A friend of mine wrote a film that was nominated for seven BAFTAs. He wasn’t invited to the event. He became angry, frustrated, and then he received an email from the Producer saying that their policy was only to invite the writer if he or she was actually nominated himself. He wasn’t. It immediately went to that place deep inside him that always knew he was worthless, ironically the very place that inspired him to write the film that was getting everyone else awards…not to mention laid. Just as he was starting to deal with this reality, after a week on his own on a Greek Island drinking ouzo and staring at his gnarled feet wondering why so many people feel the need to post photos of their own feet while on holiday, he received an email from the lead actor who had been nominated for one of the BAFTA’s. He was wondering whether my friend would write a speech for him ‘just in case I win, as writing isn’t really my strength’ - alongside acting, judging by the screening my friend had accidentally been invited to. At this point the previously happy-ish, successful screenwriter of some repute completed the transformation from fine, to not fine to full blown bitter. Bitterness took hold and he has remained in that hellish if occasionally comforting place to this day.


That said, there was a time in my life when bitter was just a long warm drink, but things started to change when I entered the wonderful world of ‘development.’


This is pretty much all you do as a writer. It’s ironic, as the meaning of development is to move a project or character forward. In reality there are fewer things in a writer’s life that feel less ‘forward-moving’ than Development, and as I said, this is pretty much all you do. You develop ideas and if you’re lucky they become scripts and if you’re even luckier you develop the scripts.
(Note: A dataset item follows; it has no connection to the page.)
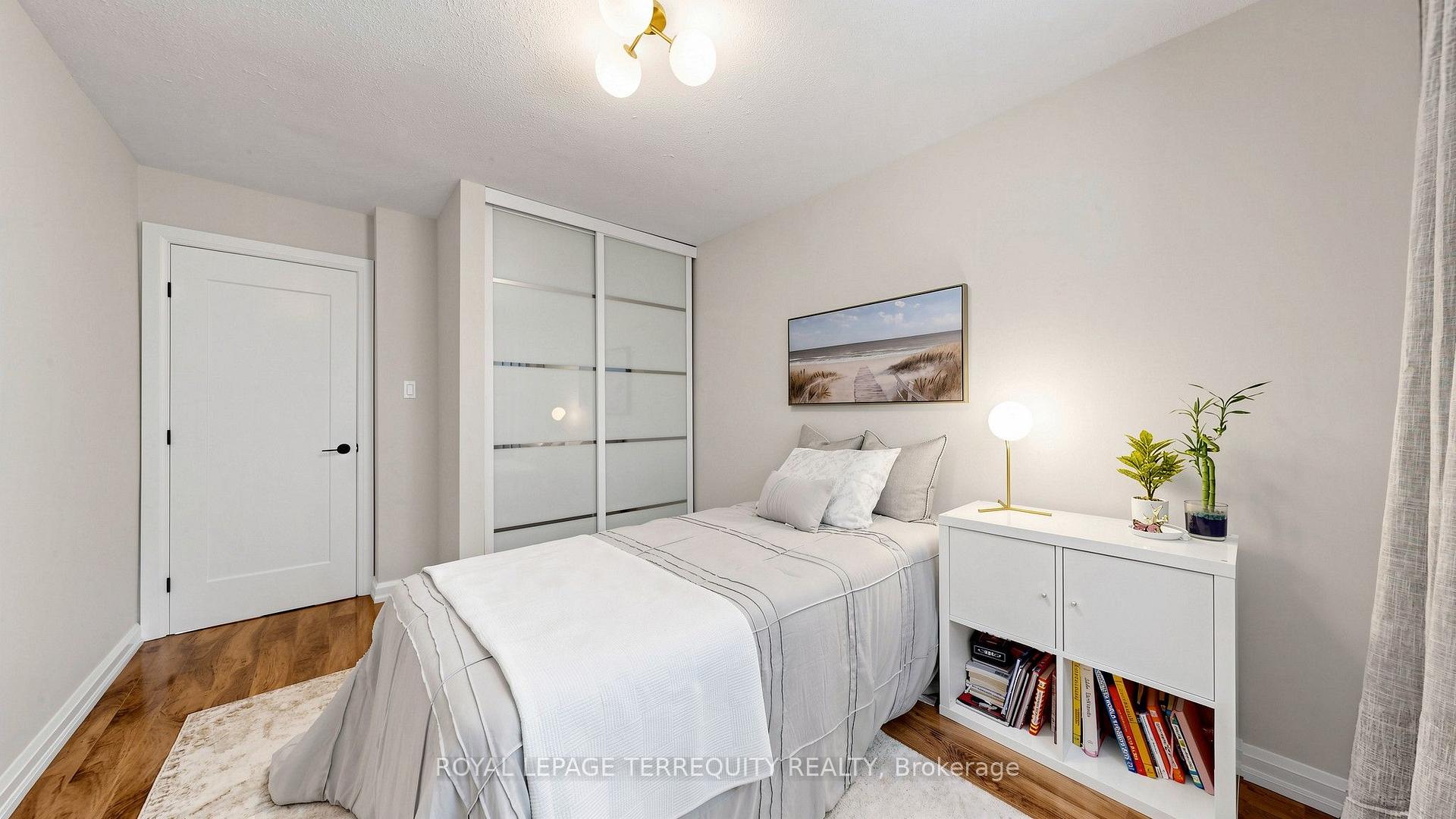 Photo 27 of Unit 18, 18 Morley Crescent, Brampton, Central Park — HOMEH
In comedy you are still developing on set, indeed in the edit suite. In fact I have sat in a room with my family watching something I have written that’s actually being broadcast, and people are still making suggestions for improvements. To be fair it’s usually my mother, who thinks that everything is worse than it was before. For some reason everything has to be compared to the first series of Dad’s Army. It doesn’t matter what it is. She enjoyed part one of The Godfather but it was drivel in comparison to the first series of Dad’s Army. ‘Keep you friends close but keep your enemies closer’ she admitted was a good line, but apparently nothing when compared to ‘don’t tell him your name Pike.’ Unlike my mother you are always developing. A script is never ready, it just sometimes gets shot somewhere in the development process. But hey don’t knock it, this is how you make money.


Development started for me when my agent got me some meetings with the very few Producers who had responded well to my sample script. By the way a script becomes a sample script when everyone has turned it down. It’s another way of making something depressing feel positive. I have about two dozen sample scripts and more underway. But a few Producers, or at least their readers, had seen something in the script that convinced them to ask me to travel to their office, usually in Soho or West London, so I could sit in a waiting room drinking tea and reading Broadcast while the Producer finished off their phone meeting with ‘someone in LA.’ (Remember that place? Presumably that’s where you’re reading this by now).


Those early meetings went something like this. I would walk in and sit down, and the Producer (in my experience either a woman in her forties who’d spent years cutting her way through the dense jungle of sexism, or a man in his early twenties who asked a mate for a job) would then tell me that they had enjoyed the tone of my piece. I learnt quickly never to ask them specific questions about my work, as more often than not they hadn’t read it, and you don’t want to embarrass them. Instead say ‘thank you’ and then think about the answer to the next question, which is: ‘what kind of things would you like to write?’ Obviously you want to write something quite like the thing they are supposed to have read, but don’t say that, it sounds sarcastic. Say something else, like ‘I’d like to write shows that allow me to explore universal themes in an entertaining way.’ That might keep you in the room and the Producer off the phone. It might not.


The thing about Producers, certainly the ones that are prepared to meet you when you’re a ‘no mark’, is that they have absolutely no idea what they want and even less of an idea as to whether you could deliver it (the women are exhausted from the years of fighting it took to reach the position and the men know fuck all about anything.) So all you are really trying to get out of them is a bit of money to write a treatment. A few pages that allow you to express an idea with the back up of some characters and maybe even a story. If you can get that, it was a good meeting. A few hundred pounds is good at this stage, that’s a week driving a van, a month pulling pints or ten minutes sucking cocks (a little known job I once did which involved removing sick chickens from a coop on a battery farm.)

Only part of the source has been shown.